Residue Theorem

Let me feel your bristles, firm against my form. Insistent, purposeful as though they’d never lived a day without motion.

Brush me from my hiding place, my quiet soft decay. Gather me up into your arms and lift me from my chill. Smother me in your hands and then release me.

But first stop. Pause.

Bring me to your face, your nose and mouth and breath me in. Long cool limitless breaths which remember me with calm, with the intricate scents of my form, with my rich bracken twisted broken core.

And inhale me deep, fill your gaps and crevices with my wisdom, my stench of a year gone by.

And then look up. Turn your face into the softened dusk, up to where the night moves in.

And then hurl.

Scatter me to the soil, to the dark places under the shrubs where the robin picks and pecks. And leave me warm, leave me replete with the hours, with the moments which slip away.

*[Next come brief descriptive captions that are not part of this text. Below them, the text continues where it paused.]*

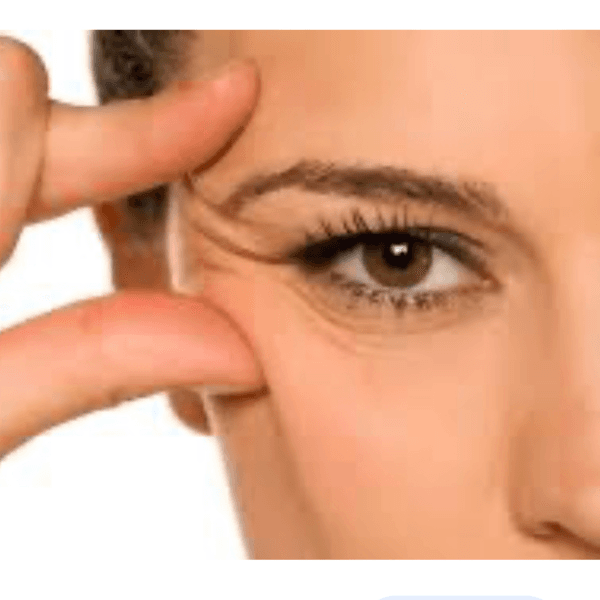 VS54 BOTOX 100U Allergan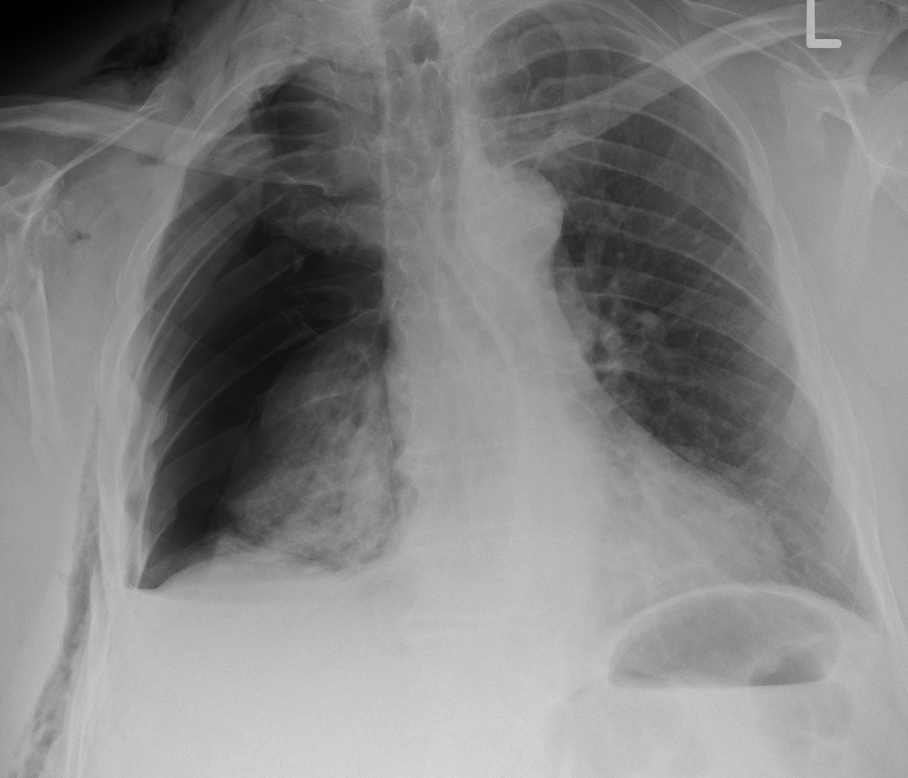 Radiografía de tórax: neumotórax derecho con pulmón colapsado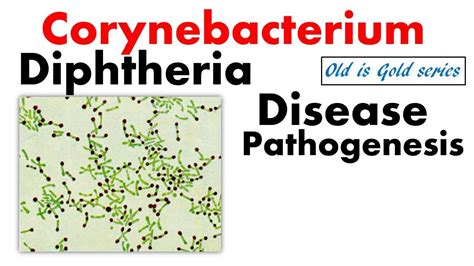 Corynebacterium diphtheriae microbiology lecture | Pathogenesis ...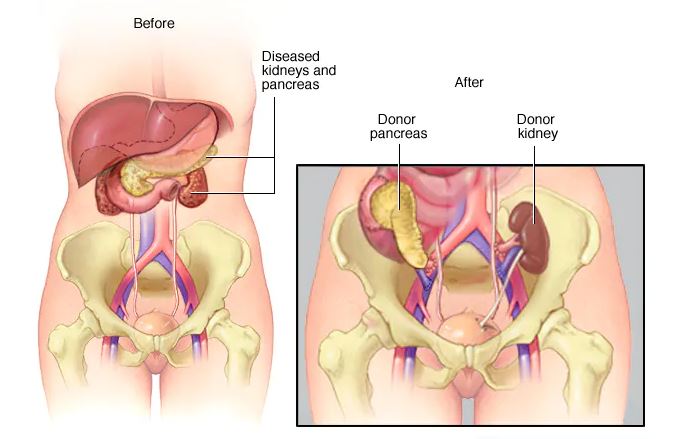 Procedure for pancreas transplant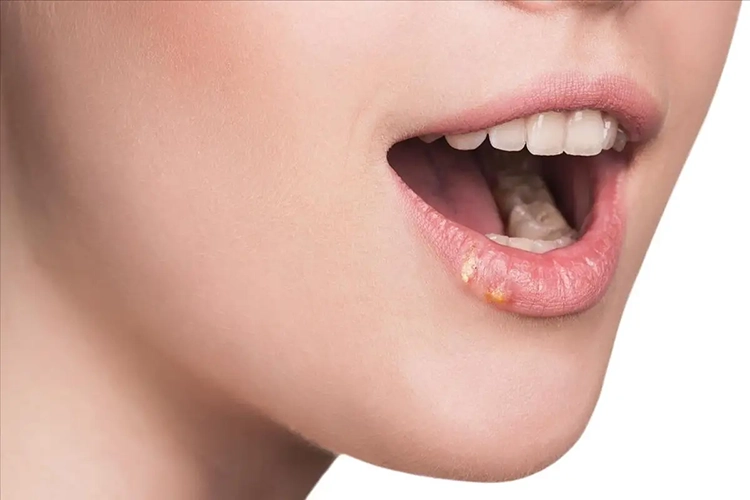 A young girl has a small herpes patch at the corner of her mouth.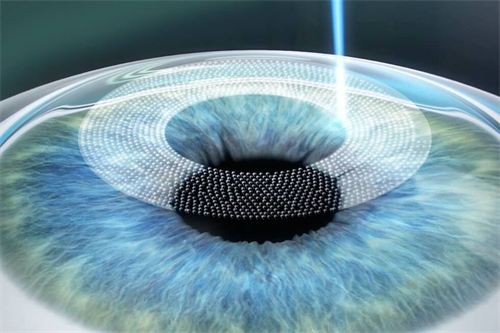 蔡司4.0什么时候出来?2024年6月微创全飞秒4.0-VISULYZE技术引进中国大陆!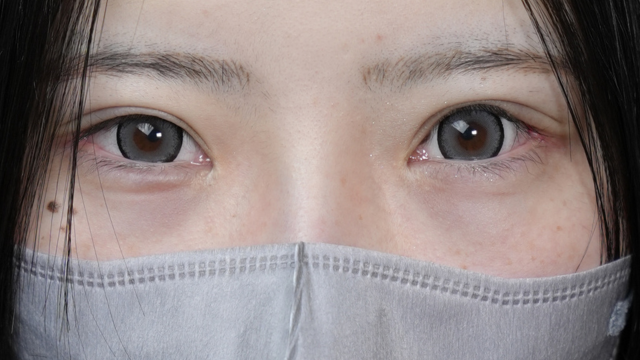 手術前の状態 その1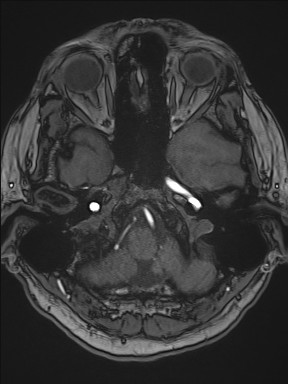 Cerebral arteriovenous malformation (Radiopaedia 84015-99245 Axial TOF 65).jpg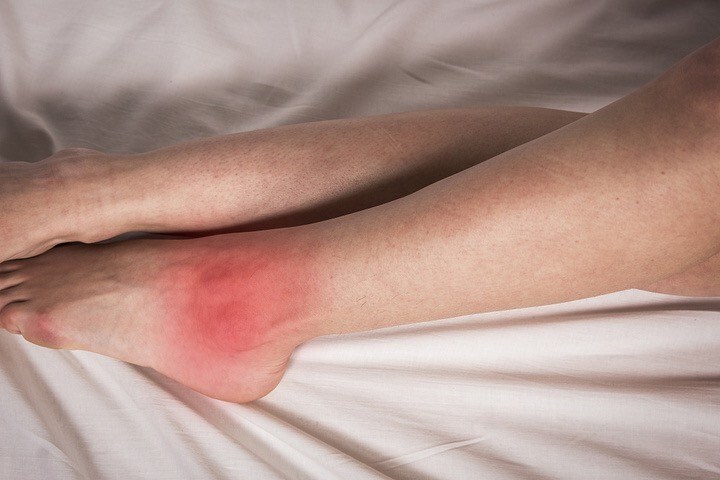 一到夏天就招虫咬?皮肤科医生教你防蚊妙招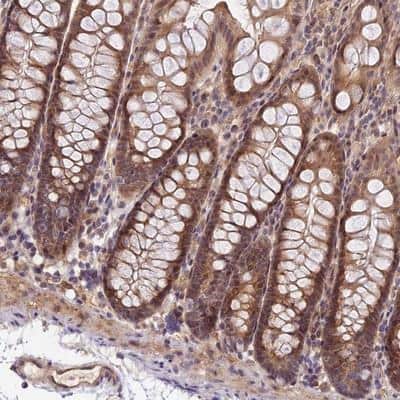 Immunohistochemistry-Paraffin: IMPACT Antibody [NBP1-86234]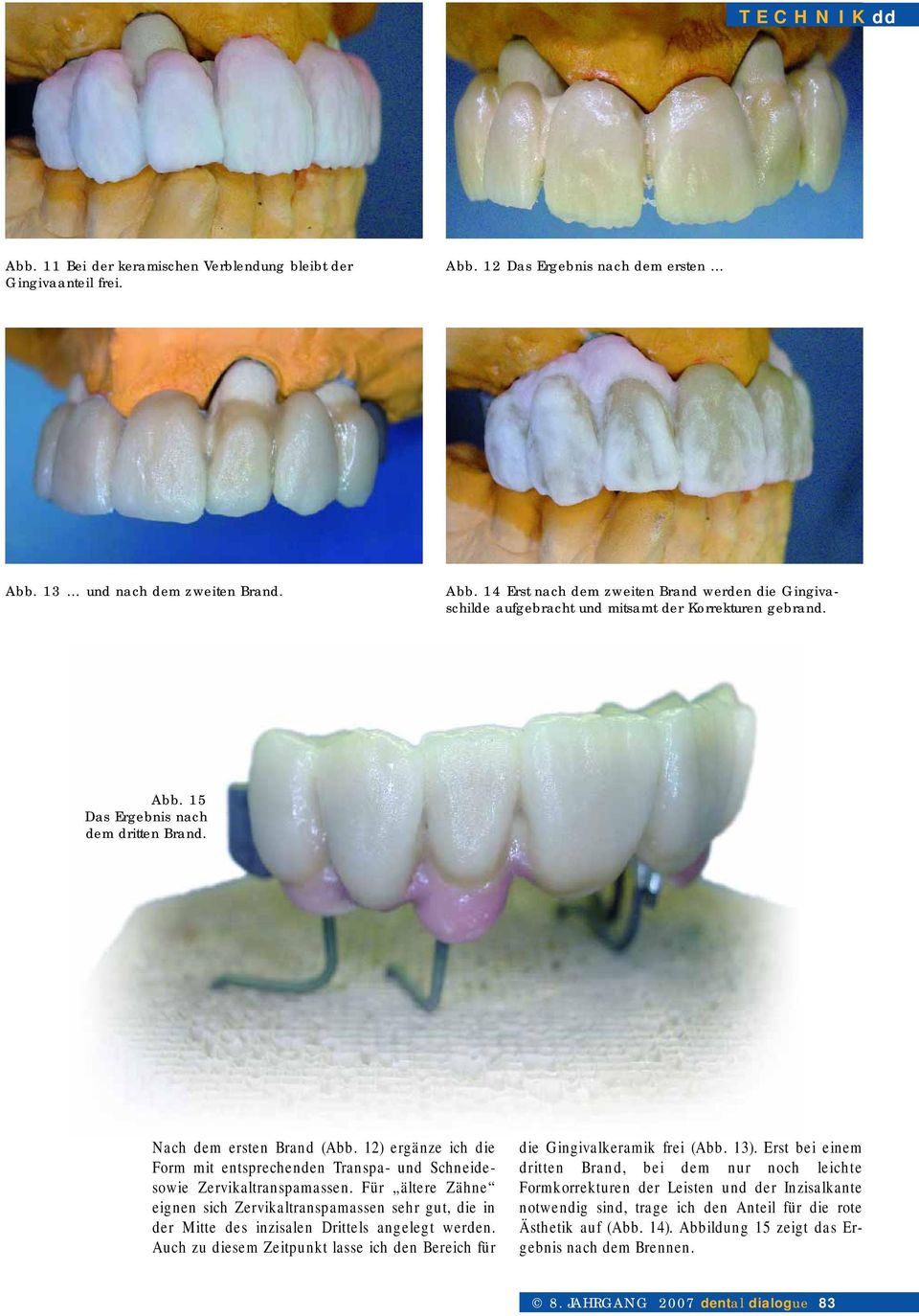 Für ältere Zähne eignen sich Zervikaltranspamassen sehr gut, die in der Mitte des inzisalen Drittels angelegt werden. Auch zu diesem Zeitpunkt lasse ich den Bereich für die Gingivalkeramik frei (Abb.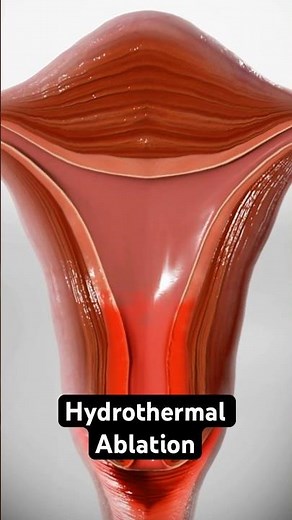 Using heated fluid to stop heavy periods (3D Animation)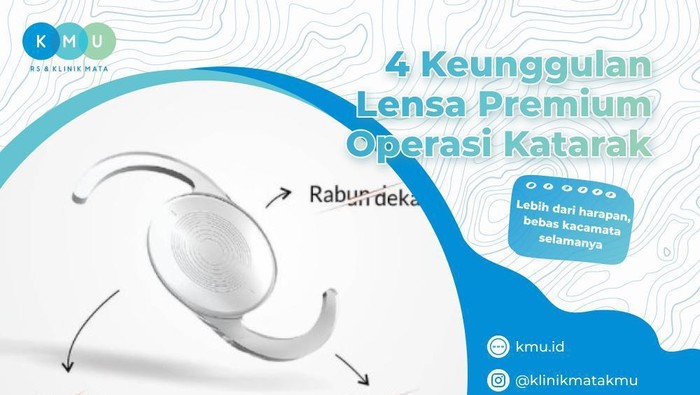 Operasi Premium Bisa Sembuhkan Katarak & Mata Minus Silinder
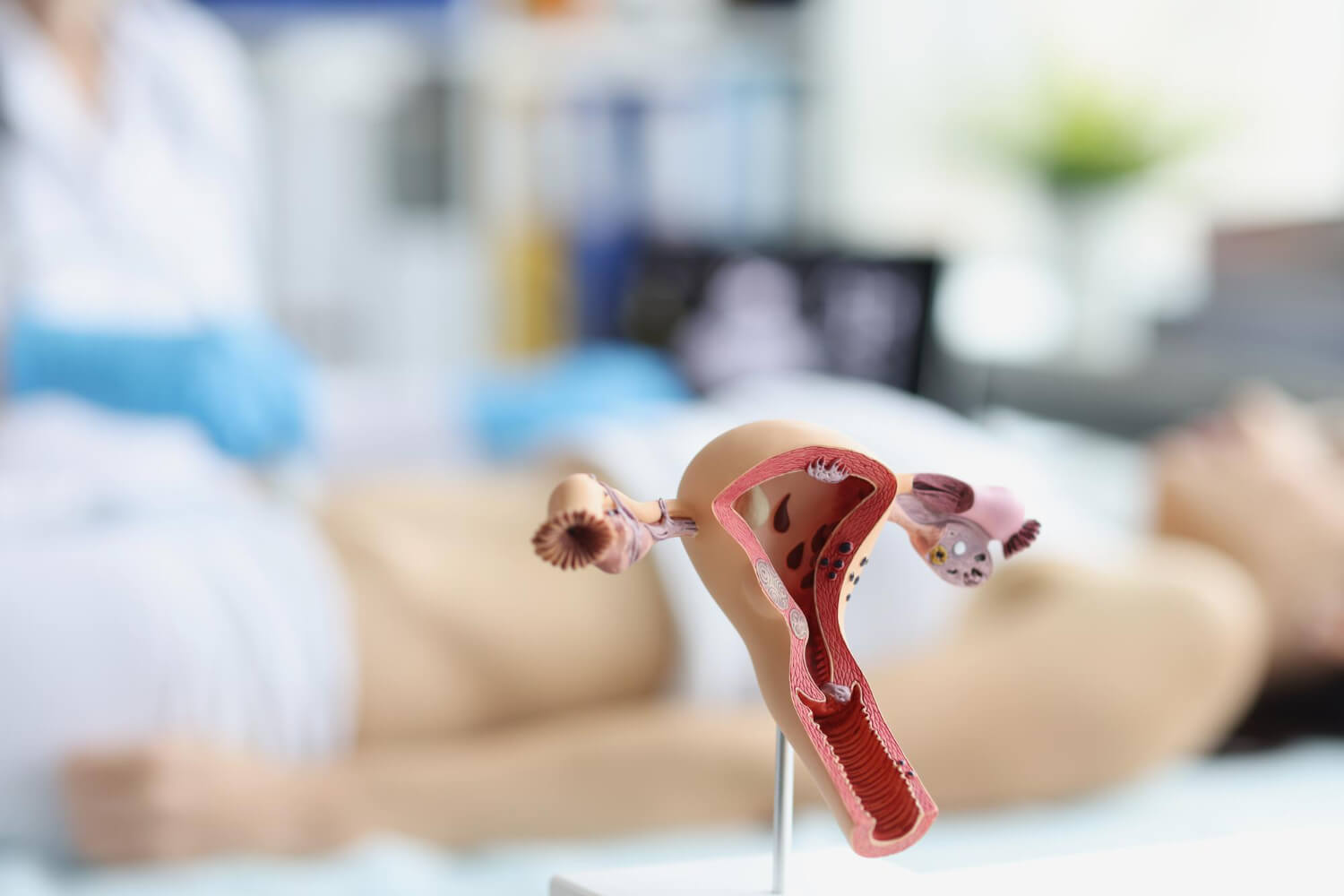 Histerectomia: Indicações, tipos e recuperação
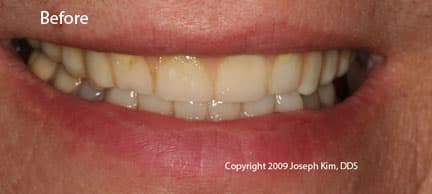 Dental Fiasco · Close view — before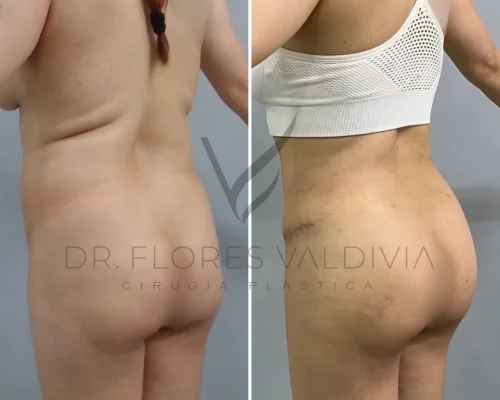 Side-by-side comparison image of a person before and after body contouring surgery. The before image shows the individual with a fuller figure, while the after image shows a more sculpted physique.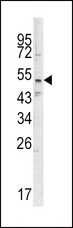SMYD3 Antibody - Western blot of SMYD3 antibody in CEM cell line lysates (35 ug/lane). SMYD3 (arrow) was detected using the purified antibody.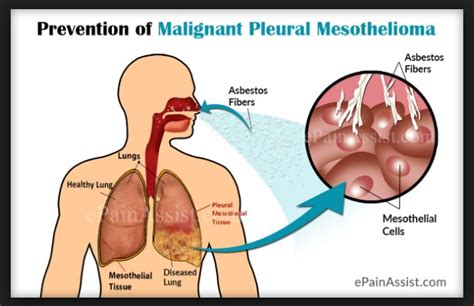 Why People Aren't Talking About Pleural Mesothelioma Stages and What ...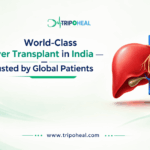 Liver Transplant in India for Foreign Patients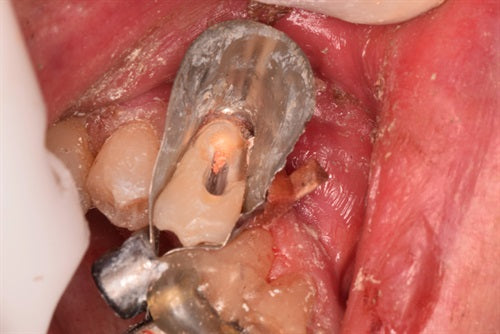 New Greater Curve U-Band in action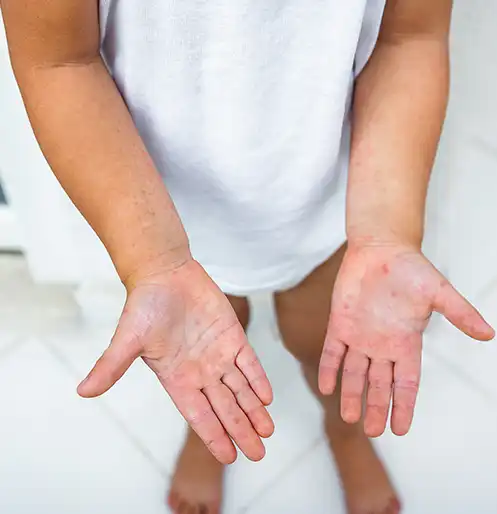 How to Manage Psoriasis?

Like your hands as you release me.

And I sigh and rest my form, feel my edges crumble where your fingers traced. Feel the gladness of the earth and I will rostle and rustle into place and wait for the cold to take me home. Into my welcoming loam, mulched down soothings till the spring returns.

And it will.

And your fingers will find me once more as I dare to go around again, as I summon my courage and strength to raise my form up from the soil.

And you’ll be waiting.

Standing stoic, through the cutting winter until the light comes, until the hope will lead me back into your hands.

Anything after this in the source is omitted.